Stored items
▶

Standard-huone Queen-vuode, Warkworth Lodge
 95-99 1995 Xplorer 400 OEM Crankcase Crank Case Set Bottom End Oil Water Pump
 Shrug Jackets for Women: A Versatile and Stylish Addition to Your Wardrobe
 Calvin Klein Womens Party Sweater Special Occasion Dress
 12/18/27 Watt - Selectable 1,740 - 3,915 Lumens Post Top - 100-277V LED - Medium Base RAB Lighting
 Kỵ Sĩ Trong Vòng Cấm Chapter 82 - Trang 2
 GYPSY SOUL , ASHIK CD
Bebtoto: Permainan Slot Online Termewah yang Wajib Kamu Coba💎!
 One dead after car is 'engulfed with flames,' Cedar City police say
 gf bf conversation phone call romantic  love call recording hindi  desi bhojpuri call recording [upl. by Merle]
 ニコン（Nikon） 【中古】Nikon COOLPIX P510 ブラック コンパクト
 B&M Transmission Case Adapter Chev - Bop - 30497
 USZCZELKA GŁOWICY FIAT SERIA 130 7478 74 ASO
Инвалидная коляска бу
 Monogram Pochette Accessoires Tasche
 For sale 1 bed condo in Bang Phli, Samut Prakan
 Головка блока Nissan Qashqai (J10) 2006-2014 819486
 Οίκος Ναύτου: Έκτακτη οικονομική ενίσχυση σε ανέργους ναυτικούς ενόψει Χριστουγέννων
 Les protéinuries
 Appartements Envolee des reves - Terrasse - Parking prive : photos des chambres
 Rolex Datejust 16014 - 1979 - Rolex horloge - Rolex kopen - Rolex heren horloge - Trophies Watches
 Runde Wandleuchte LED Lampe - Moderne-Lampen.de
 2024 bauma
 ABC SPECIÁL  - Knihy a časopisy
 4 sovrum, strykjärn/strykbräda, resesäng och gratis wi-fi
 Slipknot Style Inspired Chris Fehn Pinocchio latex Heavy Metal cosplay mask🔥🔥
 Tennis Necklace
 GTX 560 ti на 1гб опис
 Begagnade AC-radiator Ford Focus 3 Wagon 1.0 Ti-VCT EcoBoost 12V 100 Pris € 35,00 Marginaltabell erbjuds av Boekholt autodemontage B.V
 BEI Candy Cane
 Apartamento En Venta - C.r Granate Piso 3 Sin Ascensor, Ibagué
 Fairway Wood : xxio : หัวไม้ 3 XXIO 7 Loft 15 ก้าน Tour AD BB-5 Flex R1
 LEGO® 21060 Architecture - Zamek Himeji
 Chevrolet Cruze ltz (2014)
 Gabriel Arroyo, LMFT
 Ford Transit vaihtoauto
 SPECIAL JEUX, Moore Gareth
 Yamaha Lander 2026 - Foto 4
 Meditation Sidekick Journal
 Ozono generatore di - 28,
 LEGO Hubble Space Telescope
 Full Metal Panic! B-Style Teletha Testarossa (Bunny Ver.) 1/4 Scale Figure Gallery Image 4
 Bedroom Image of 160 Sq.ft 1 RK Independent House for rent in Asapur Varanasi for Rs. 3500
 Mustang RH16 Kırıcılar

◀

• How to complete this task
Your task is an exact transcription of every line above.

• Your solution
Standard-huone Queen-vuode, Warkworth Lodge
 95-99 1995 Xplorer 400 OEM Crankcase Crank Case Set Bottom End Oil Water Pump
 Shrug Jackets for Women: A Versatile and Stylish Addition to Your Wardrobe
 Calvin Klein Womens Party Sweater Special Occasion Dress
 12/18/27 Watt - Selectable 1,740 - 3,915 Lumens Post Top - 100-277V LED - Medium Base RAB Lighting
 Kỵ Sĩ Trong Vòng Cấm Chapter 82 - Trang 2
 GYPSY SOUL , ASHIK CD
Bebtoto: Permainan Slot Online Termewah yang Wajib Kamu Coba💎!
 One dead after car is 'engulfed with flames,' Cedar City police say
 gf bf conversation phone call romantic  love call recording hindi  desi bhojpuri call recording [upl. by Merle]
 ニコン（Nikon） 【中古】Nikon COOLPIX P510 ブラック コンパクト
 B&M Transmission Case Adapter Chev - Bop - 30497
 USZCZELKA GŁOWICY FIAT SERIA 130 7478 74 ASO
Инвалидная коляска бу
 Monogram Pochette Accessoires Tasche
 For sale 1 bed condo in Bang Phli, Samut Prakan
 Головка блока Nissan Qashqai (J10) 2006-2014 819486
 Οίκος Ναύτου: Έκτακτη οικονομική ενίσχυση σε ανέργους ναυτικούς ενόψει Χριστουγέννων
 Les protéinuries
 Appartements Envolee des reves - Terrasse - Parking prive : photos des chambres
 Rolex Datejust 16014 - 1979 - Rolex horloge - Rolex kopen - Rolex heren horloge - Trophies Watches
 Runde Wandleuchte LED Lampe - Moderne-Lampen.de
 2024 bauma
 ABC SPECIÁL  - Knihy a časopisy
 4 sovrum, strykjärn/strykbräda, resesäng och gratis wi-fi
 Slipknot Style Inspired Chris Fehn Pinocchio latex Heavy Metal cosplay mask🔥🔥
 Tennis Necklace
 GTX 560 ti на 1гб опис
 Begagnade AC-radiator Ford Focus 3 Wagon 1.0 Ti-VCT EcoBoost 12V 100 Pris € 35,00 Marginaltabell erbjuds av Boekholt autodemontage B.V
 BEI Candy Cane
 Apartamento En Venta - C.r Granate Piso 3 Sin Ascensor, Ibagué
 Fairway Wood : xxio : หัวไม้ 3 XXIO 7 Loft 15 ก้าน Tour AD BB-5 Flex R1
 LEGO® 21060 Architecture - Zamek Himeji
 Chevrolet Cruze ltz (2014)
 Gabriel Arroyo, LMFT
 Ford Transit vaihtoauto
 SPECIAL JEUX, Moore Gareth
 Yamaha Lander 2026 - Foto 4
 Meditation Sidekick Journal
 Ozono generatore di - 28,
 LEGO Hubble Space Telescope
 Full Metal Panic! B-Style Teletha Testarossa (Bunny Ver.) 1/4 Scale Figure Gallery Image 4
 Bedroom Image of 160 Sq.ft 1 RK Independent House for rent in Asapur Varanasi for Rs. 3500
 Mustang RH16 Kırıcılar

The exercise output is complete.